Dijelaskan Sultan, pada masa lalu ketenaran mengarungi lautan bukan barang baru bagi pelaut Indonesia.
Misalnya, sebut Sultan, orang Bugis dengan perahu layar Phinisi atau masyarakat Biak Numfor dengan perahu dagang Way Mansusu serta perahu perang Way Ron.
Begitu juga dengan orang-oramg Buton yang berlayar berbulan-bulan di atas kapal kayu hasil karya mereka.
Namun, sambung Sultan, dalam perkembangannya kejayaan masa lalu di sejumlah daerah tersebut hilang ditelan zaman.

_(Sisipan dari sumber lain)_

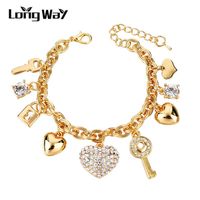 Fashion Heart Beetle Charm Bracelets Bangles For Women Real Gold Plated Bracelet Austrian Crystal Chain Pulseras SBR1402211724
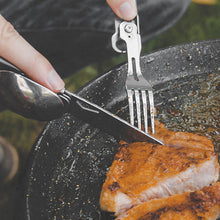 Load image into Gallery viewer, Multi-function Portable Folding Camping Cutlery Tableware Knife Fork Spoon Bottle Opener Outdoor Cutlery Camping Equipment
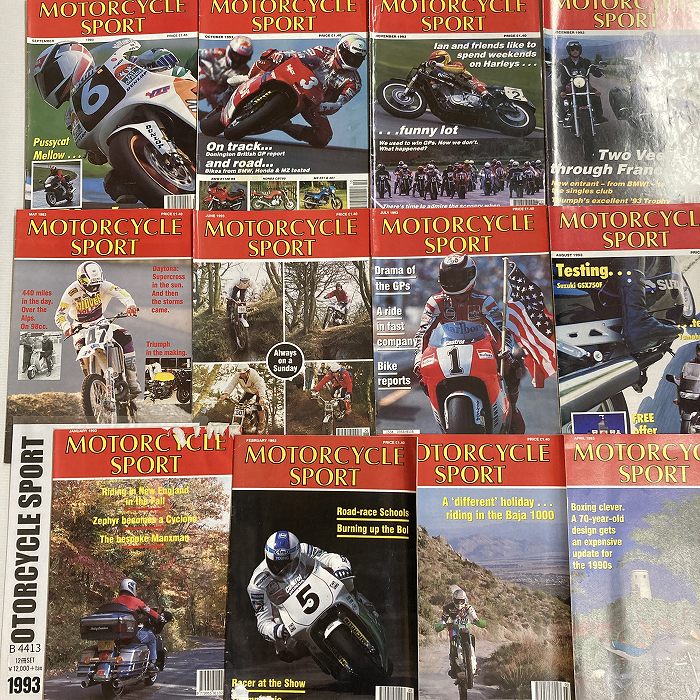 B4413　1993　12冊セット 「MOTORCYCLE SPORT」 モーターサイクルスポーツ 表紙汚れあり　英国 旧車雑誌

"Karena tidak adanya visi membuat pembangunan di sektor bahari, dan hanya sekedar formalitas belaka. Akibatnya timbullah masalah-masalah aktual di lapangan, seperti pembatasan dengan negara-negara tetangga, illegal fishing, infrastruktur kemaritiman, seperti armada laut yang jauh dari memadai," paparnya.
Menurutnya, wilayah Indonesia masa lampau, dengan laut, selat dan teluk yang melingkupinya, menjadi jalur utama perniagaan yang menghubungkan kawasan Timur (daratan Tiongkok) dan Barat (India, Persia, Eropa).
Peran ini, kata Sultan, berlangsung selama berabad-abad dengan 'tuan' dan 'nahkoda' yang datang silih berganti.